IBM ships 5.2GHz chip, its fastest yet

IBM’s newest chip for mainframes boasts one of the highest speed ratings to date and will go into Big Blue’s fastest mainframe computers.

IBM, no stranger to cutting-edge chip designs, will use the new 5.2GHz z196 processor in mainframes targeted at businesses managing huge workloads, such as large banks and retailers.

Why the need for more than 5GHz of speed, one of the highest frequencies of any commercial processor to date? IBM cites a study by Berg Insight, showing that the number of active users of mobile banking and related financial services worldwide is forecast to increase from 55 million in 2009 to 894 million in 2015. IBM’s customers need all the horsepower they can get to handle these staggering data processing loads.

Big Blue’s zEnterprise mainframe technology is the result of an investment of more than $1.5 billion in research and development for the zEnterprise line, as well as more than three years of collaboration with some of IBM’s top clients around the world, the company said.

The processor itself packs in four cores, plus a respectable helping of DRAM–what IBM calls eDRAM–inside the processor module. Getting DRAM inside a processor module is quite a trick, as DRAM, or dynamic random access memory, is typically on a separate module inside a computer (just think of the RAM upgrade boards that plug into a PC’s motherboard).
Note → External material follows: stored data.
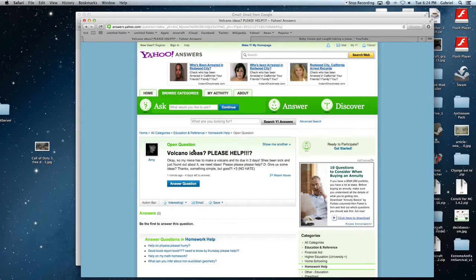Volcano ideas? Question mark? Please help. I got a volcano for you. An anal volcano.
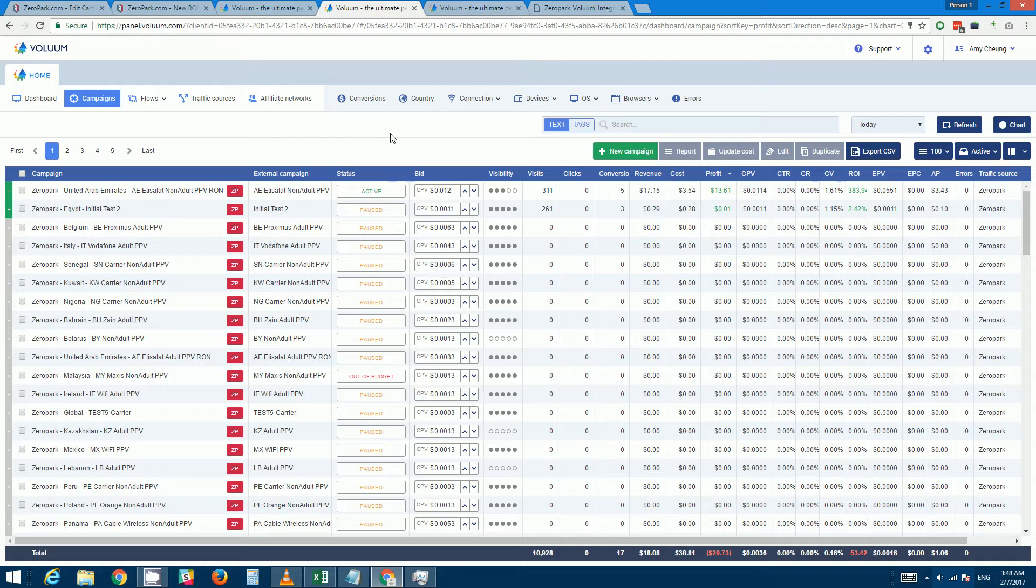They have recently come out with a feature called the Zeropark Volume Integration, and what this is is a feature that will allow you to change your Zeropark campaign settings directly from within Voluum.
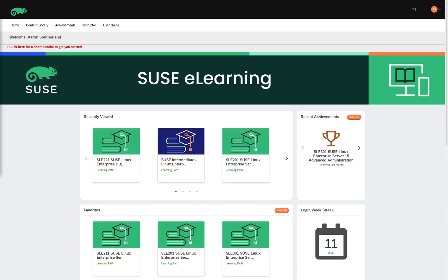Hello, I am Aaron Sutherland, and I am a SUSE Certified Instructor. In this video, I would like to show you the different learning paths we have available on our eLearning site.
The patented IBM eDRAM technology allows it to place dense DRAM caches inside its processors, which boosts performance.

Intel, by comparison, has its own very fast mainframe-class server processors, such as the Xeon X7560 processor, which integrates eight cores, in a 2.26GHz processor. Many consumer Intel chips also boast a new technology called Turbo Boost, which dynamically “overclocks” (speeds up) the processor to very high speeds, when needed by an application. (Intel also offers its 4-core Itanium 9300 “Tukwila” processor for high-end servers with 30MB of on-chip cache.)